## Source material
+ + + + +
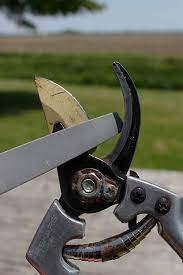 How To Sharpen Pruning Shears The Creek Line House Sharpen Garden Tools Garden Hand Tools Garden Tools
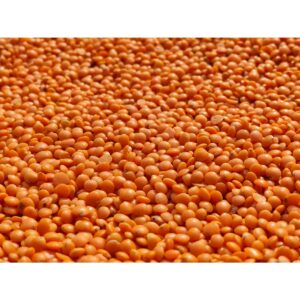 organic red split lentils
+ + + + +
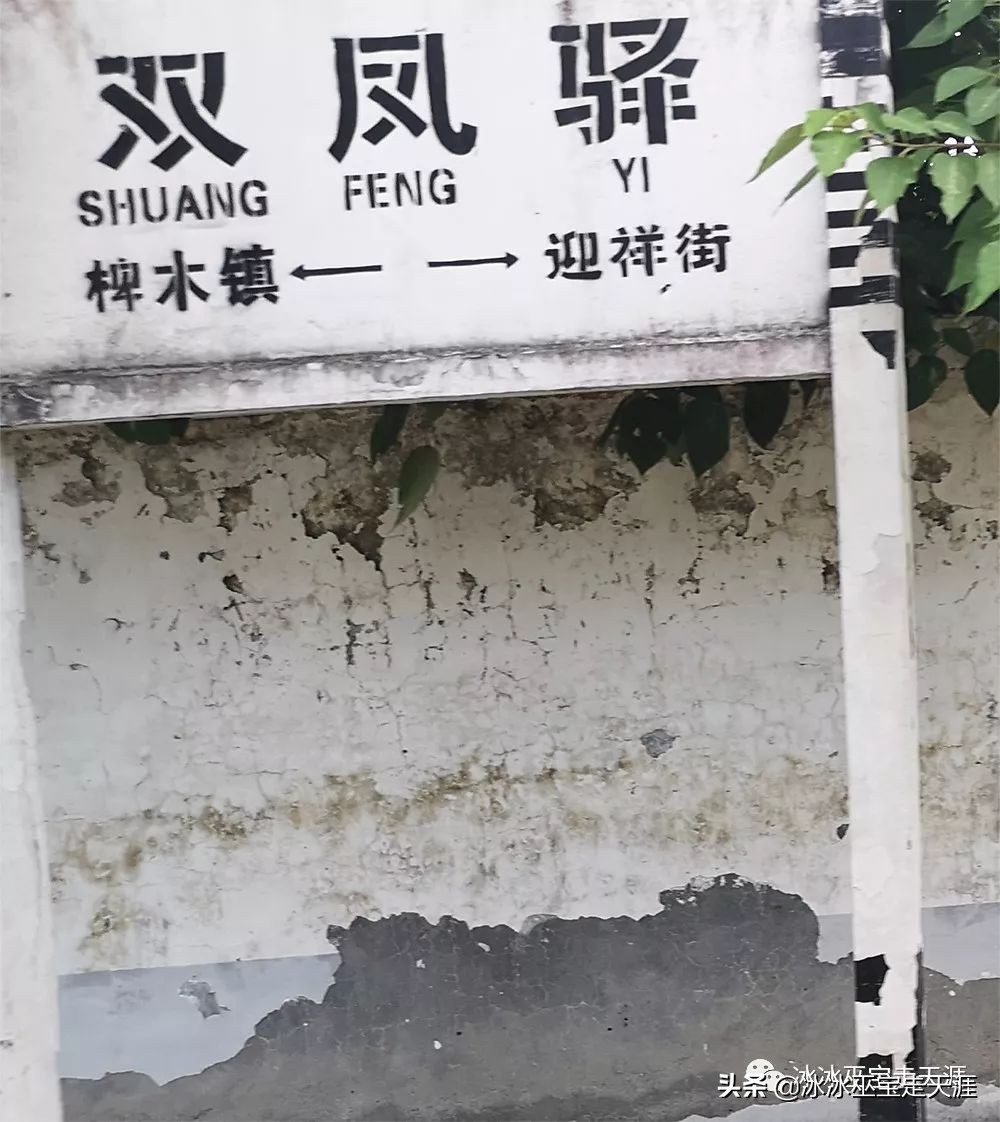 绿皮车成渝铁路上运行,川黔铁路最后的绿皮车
+ + + + +
Word for word, restate the lines above from the one with "How To Sharpen" through the one with "organic red split lentils", keeping both ends and dropping the pictures.

 How To Sharpen Pruning Shears The Creek Line House Sharpen Garden Tools Garden Hand Tools Garden Tools
 organic red split lentils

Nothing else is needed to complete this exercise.